● Exercise goal
Only the pictures are dropped; the lines of the material that follow are returned exactly.

● Input data
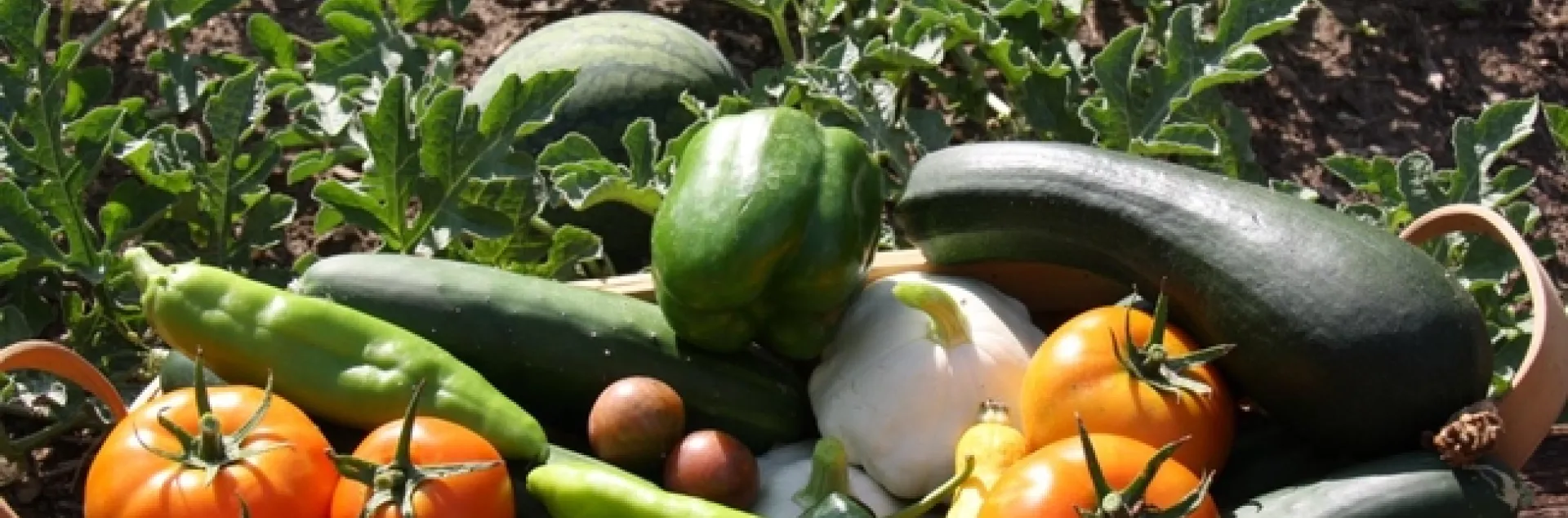 FTG Bountiful Harvest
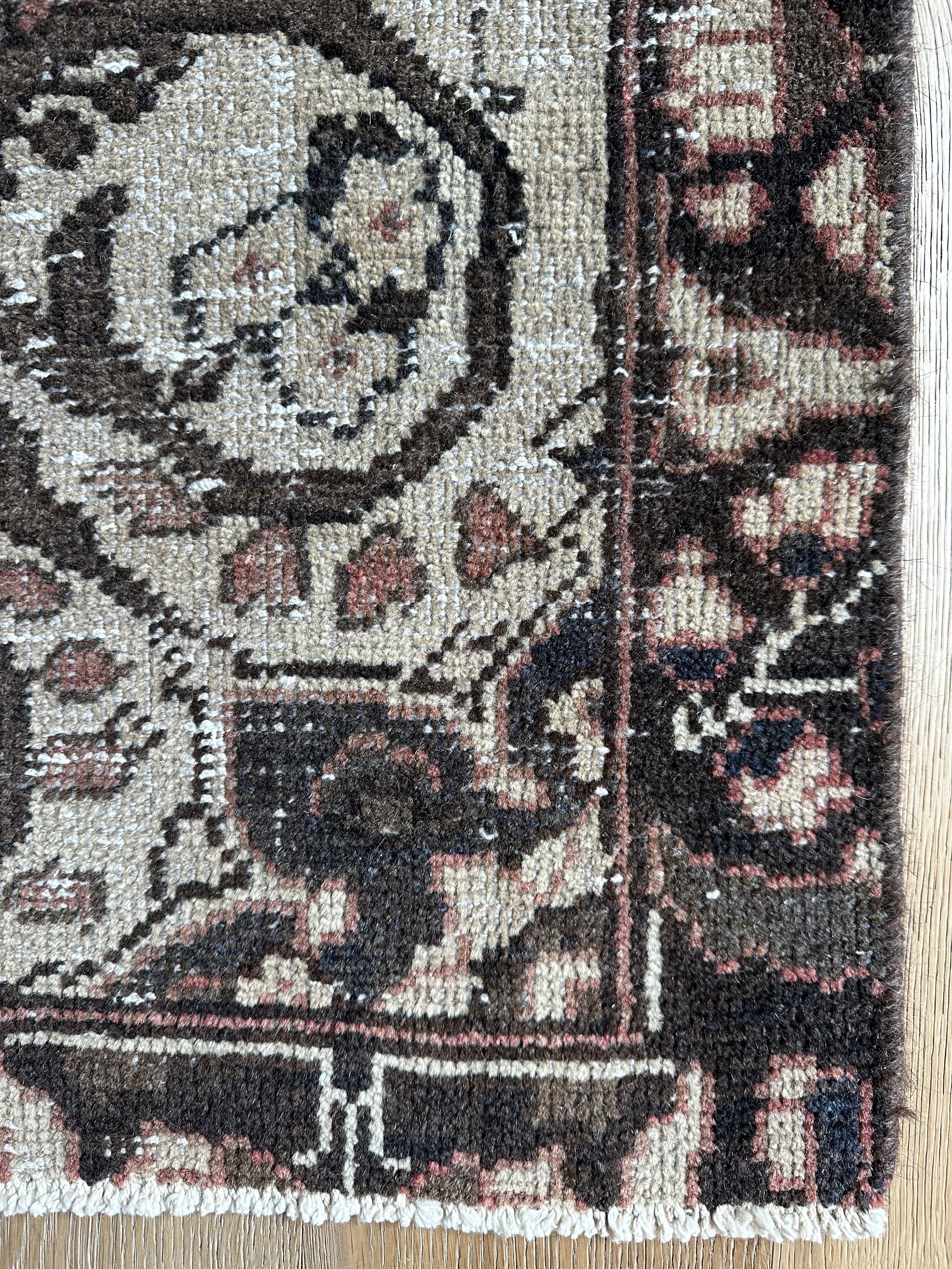 Mateo (3’6”x5’7”)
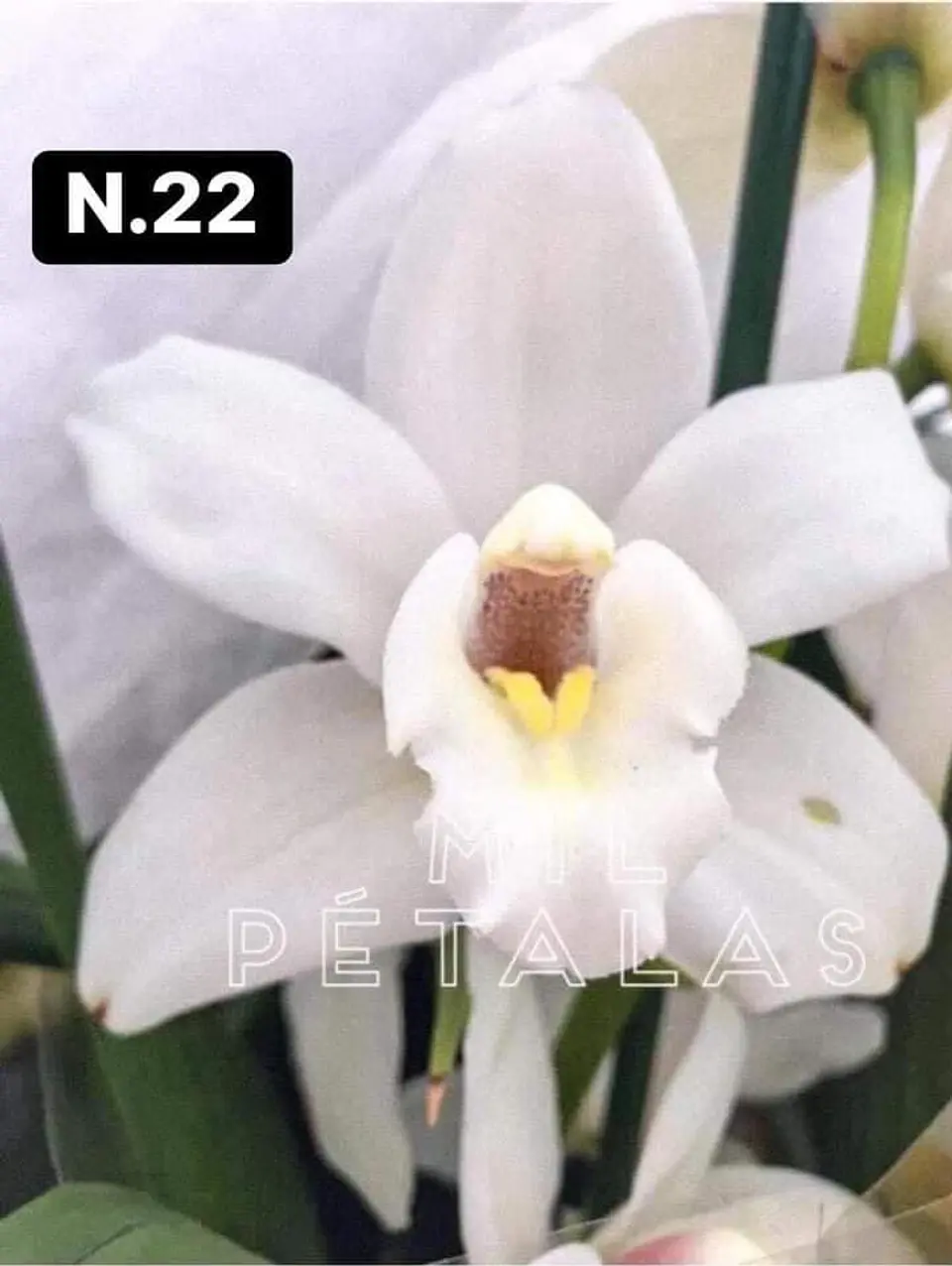 PACK Orquídeas Cymbidium de Coleção com 3/4 bolbos cada 22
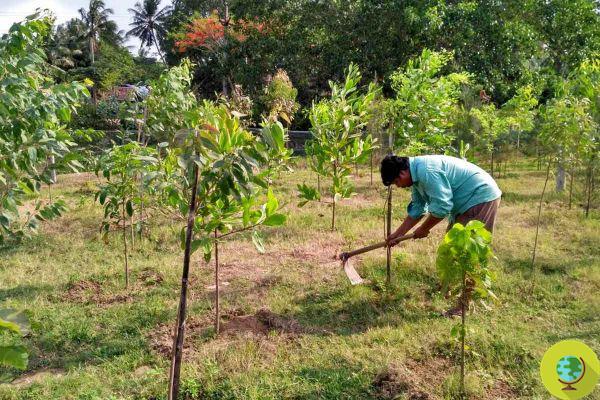 El ingeniero que creó 20 minibosques plantando 100 árboles en aldeas indias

● Output for this task
 FTG Bountiful Harvest
 Mateo (3’6”x5’7”)
 PACK Orquídeas Cymbidium de Coleção com 3/4 bolbos cada 22
 El ingeniero que creó 20 minibosques plantando 100 árboles en aldeas indias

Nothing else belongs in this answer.